Using an Arduino Pro Mini, a handful of buttons, and a standard TFT display, [Ricardo] has put together a serviceable little receiver with a fairly impressive user interface. We especially like the horizontal bars indicating the signal to noise ratio and received signal strength. The next evolution would be to put this whole rig into some kind of enclosure, but for now he seems content to control the action with a handful of unlabeled buttons on a piece of perfboard.

Of course, the presentation of this receiver isn’t really the point; it’s more of a proof of concept. You see, [Ricardo] is the person who’s actually developed the library that allows you to control the Si4735 from your microcontroller of choice over I2C. He’s currently tested it with several members of the official (and not so official) Arduino family, as well as the ESP32.

The documentation [Ricardo] has put together for his MIT licensed Arduino Si4735 library is nothing short of phenomenal. Seriously, if all open source projects were documented even half as well as this one is, we’d all be a few notches closer to world peace.
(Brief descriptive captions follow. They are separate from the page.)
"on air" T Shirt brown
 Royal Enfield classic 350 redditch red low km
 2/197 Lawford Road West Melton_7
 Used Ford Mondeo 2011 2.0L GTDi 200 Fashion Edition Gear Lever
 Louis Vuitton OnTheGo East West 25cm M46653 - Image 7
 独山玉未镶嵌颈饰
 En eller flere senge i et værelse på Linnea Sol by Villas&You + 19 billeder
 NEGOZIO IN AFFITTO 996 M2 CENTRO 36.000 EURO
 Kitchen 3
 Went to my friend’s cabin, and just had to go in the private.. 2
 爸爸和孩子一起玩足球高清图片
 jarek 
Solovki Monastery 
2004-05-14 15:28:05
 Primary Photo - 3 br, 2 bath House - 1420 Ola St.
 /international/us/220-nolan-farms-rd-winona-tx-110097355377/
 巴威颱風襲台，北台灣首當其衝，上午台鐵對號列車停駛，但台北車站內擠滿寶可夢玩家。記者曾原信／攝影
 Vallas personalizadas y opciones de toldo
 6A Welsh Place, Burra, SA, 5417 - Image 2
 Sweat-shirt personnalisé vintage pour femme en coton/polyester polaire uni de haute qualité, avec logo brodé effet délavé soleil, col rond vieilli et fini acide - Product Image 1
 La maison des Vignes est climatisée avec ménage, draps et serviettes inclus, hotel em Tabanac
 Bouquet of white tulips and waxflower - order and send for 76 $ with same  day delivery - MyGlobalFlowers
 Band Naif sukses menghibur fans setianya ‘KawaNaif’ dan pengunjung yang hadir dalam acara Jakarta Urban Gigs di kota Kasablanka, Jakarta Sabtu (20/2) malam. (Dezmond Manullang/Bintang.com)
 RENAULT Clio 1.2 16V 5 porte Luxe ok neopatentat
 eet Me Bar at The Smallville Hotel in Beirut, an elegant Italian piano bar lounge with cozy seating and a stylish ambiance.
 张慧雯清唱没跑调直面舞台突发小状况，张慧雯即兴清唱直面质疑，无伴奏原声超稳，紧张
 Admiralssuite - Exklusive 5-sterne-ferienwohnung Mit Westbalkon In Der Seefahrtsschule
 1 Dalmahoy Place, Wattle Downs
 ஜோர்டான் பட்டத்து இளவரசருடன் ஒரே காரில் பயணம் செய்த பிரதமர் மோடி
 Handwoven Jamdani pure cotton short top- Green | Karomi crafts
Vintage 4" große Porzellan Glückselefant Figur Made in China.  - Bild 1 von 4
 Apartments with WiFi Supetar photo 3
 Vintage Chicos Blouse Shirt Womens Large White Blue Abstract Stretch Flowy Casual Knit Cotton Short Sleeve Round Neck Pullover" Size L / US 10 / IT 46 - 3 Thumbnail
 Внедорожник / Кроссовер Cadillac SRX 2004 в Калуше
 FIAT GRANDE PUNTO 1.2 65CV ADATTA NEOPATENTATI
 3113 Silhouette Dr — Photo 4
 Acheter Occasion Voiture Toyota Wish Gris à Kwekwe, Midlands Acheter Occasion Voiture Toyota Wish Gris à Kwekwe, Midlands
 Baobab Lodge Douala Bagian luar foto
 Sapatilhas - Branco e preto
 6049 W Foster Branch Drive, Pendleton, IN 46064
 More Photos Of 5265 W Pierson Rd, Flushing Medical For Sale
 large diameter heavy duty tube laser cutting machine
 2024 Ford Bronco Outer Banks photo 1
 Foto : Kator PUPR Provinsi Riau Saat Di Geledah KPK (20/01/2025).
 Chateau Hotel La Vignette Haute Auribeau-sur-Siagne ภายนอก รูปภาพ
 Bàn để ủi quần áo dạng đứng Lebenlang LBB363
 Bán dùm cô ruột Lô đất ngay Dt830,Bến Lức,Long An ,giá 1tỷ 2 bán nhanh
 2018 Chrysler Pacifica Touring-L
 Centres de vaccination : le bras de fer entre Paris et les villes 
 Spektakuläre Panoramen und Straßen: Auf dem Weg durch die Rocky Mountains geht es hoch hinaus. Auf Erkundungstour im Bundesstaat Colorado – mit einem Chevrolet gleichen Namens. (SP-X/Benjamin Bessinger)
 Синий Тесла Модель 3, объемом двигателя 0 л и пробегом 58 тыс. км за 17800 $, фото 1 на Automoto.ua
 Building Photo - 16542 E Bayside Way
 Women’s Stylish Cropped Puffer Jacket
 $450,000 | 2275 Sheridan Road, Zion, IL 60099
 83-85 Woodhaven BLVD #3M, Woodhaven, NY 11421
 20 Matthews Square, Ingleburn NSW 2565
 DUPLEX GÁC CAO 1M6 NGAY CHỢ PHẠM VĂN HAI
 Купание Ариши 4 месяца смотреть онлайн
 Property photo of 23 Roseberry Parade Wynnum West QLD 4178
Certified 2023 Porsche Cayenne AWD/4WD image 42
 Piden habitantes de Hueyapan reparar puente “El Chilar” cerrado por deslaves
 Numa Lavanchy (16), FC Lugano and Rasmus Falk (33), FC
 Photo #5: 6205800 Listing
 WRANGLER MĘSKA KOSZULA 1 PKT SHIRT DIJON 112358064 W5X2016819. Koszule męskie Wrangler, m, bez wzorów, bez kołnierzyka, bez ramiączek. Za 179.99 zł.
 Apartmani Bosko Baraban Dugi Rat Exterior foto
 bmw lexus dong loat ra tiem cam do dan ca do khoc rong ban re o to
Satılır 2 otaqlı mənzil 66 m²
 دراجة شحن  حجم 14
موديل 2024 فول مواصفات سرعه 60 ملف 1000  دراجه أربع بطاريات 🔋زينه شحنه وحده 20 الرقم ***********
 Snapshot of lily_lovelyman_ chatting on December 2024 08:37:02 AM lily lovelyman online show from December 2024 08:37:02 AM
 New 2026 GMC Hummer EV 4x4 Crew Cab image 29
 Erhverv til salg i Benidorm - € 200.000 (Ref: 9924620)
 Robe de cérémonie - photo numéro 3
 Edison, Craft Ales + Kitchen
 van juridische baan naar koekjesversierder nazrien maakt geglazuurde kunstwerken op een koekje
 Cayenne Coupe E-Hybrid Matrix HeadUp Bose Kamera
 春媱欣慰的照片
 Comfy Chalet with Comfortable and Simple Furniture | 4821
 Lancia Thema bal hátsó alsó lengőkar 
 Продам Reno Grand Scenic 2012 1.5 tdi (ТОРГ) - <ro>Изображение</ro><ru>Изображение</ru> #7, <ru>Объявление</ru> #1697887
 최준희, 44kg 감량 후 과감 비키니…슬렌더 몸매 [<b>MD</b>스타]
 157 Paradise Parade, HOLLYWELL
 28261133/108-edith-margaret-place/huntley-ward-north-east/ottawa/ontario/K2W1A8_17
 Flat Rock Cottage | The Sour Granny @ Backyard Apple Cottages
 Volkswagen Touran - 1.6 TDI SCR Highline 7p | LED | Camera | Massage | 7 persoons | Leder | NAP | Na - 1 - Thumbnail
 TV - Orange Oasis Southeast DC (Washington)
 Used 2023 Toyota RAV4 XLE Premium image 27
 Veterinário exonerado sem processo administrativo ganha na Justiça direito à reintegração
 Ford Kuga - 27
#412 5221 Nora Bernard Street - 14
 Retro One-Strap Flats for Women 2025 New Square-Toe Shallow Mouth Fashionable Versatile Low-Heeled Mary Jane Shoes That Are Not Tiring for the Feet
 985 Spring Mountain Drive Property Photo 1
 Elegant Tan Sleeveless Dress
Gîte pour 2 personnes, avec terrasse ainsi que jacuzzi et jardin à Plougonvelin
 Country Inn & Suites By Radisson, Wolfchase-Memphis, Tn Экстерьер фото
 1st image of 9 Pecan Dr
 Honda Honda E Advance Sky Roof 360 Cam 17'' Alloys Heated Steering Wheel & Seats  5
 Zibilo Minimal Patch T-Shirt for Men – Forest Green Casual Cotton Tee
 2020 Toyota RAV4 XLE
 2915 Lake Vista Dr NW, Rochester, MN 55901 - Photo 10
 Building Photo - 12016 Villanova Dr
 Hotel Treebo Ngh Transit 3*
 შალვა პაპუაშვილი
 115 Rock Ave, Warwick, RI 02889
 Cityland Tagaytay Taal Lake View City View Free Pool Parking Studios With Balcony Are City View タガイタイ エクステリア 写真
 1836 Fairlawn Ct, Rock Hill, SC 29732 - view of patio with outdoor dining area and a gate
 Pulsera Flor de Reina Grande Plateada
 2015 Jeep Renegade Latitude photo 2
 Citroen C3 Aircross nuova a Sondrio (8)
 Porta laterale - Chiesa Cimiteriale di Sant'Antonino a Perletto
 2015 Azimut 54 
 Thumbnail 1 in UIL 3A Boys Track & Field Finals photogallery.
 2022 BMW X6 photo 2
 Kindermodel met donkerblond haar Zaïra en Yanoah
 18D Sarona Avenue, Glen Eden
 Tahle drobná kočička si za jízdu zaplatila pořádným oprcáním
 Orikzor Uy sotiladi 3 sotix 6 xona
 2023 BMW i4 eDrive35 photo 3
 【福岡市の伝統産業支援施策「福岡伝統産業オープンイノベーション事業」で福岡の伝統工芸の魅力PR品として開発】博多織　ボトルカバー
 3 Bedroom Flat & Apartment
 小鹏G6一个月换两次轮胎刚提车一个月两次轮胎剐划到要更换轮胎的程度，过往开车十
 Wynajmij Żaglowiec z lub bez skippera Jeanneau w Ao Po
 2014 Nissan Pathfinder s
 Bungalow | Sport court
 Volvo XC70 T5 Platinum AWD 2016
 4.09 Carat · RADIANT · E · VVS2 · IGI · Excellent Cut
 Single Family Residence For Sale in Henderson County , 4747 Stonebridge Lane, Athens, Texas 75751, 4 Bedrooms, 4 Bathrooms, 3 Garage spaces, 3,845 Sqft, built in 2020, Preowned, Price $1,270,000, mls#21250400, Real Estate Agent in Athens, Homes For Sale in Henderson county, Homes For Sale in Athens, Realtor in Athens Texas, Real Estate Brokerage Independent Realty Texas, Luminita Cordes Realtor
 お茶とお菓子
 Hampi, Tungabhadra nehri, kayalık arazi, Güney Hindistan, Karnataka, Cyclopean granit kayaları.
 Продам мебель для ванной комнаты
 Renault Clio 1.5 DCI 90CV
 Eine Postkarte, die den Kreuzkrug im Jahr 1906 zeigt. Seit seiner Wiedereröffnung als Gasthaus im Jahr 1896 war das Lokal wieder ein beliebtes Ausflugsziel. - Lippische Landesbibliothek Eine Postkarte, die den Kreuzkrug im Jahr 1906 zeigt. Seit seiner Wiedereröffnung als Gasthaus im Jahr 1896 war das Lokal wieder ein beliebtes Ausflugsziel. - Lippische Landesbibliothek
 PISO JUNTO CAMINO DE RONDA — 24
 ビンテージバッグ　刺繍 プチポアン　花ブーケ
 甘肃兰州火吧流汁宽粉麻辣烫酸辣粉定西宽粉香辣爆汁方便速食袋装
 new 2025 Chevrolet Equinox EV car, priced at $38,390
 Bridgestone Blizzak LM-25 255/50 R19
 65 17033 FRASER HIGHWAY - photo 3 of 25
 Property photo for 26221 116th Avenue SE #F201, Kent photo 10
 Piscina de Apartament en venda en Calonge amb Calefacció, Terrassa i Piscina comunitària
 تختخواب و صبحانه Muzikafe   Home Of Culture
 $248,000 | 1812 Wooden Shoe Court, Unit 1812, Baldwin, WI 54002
Even if you aren’t terribly interested in adding shortwave radio reception to your next project, you’ve got to browse his documentation just to see where the high water mark is.

We actually first heard about this library a few days ago when we covered another receiver using the Si4735 and [Ricardo] popped into the comments to share some of the work he’d been doing to push the state-of-the-art forward for this promising chip.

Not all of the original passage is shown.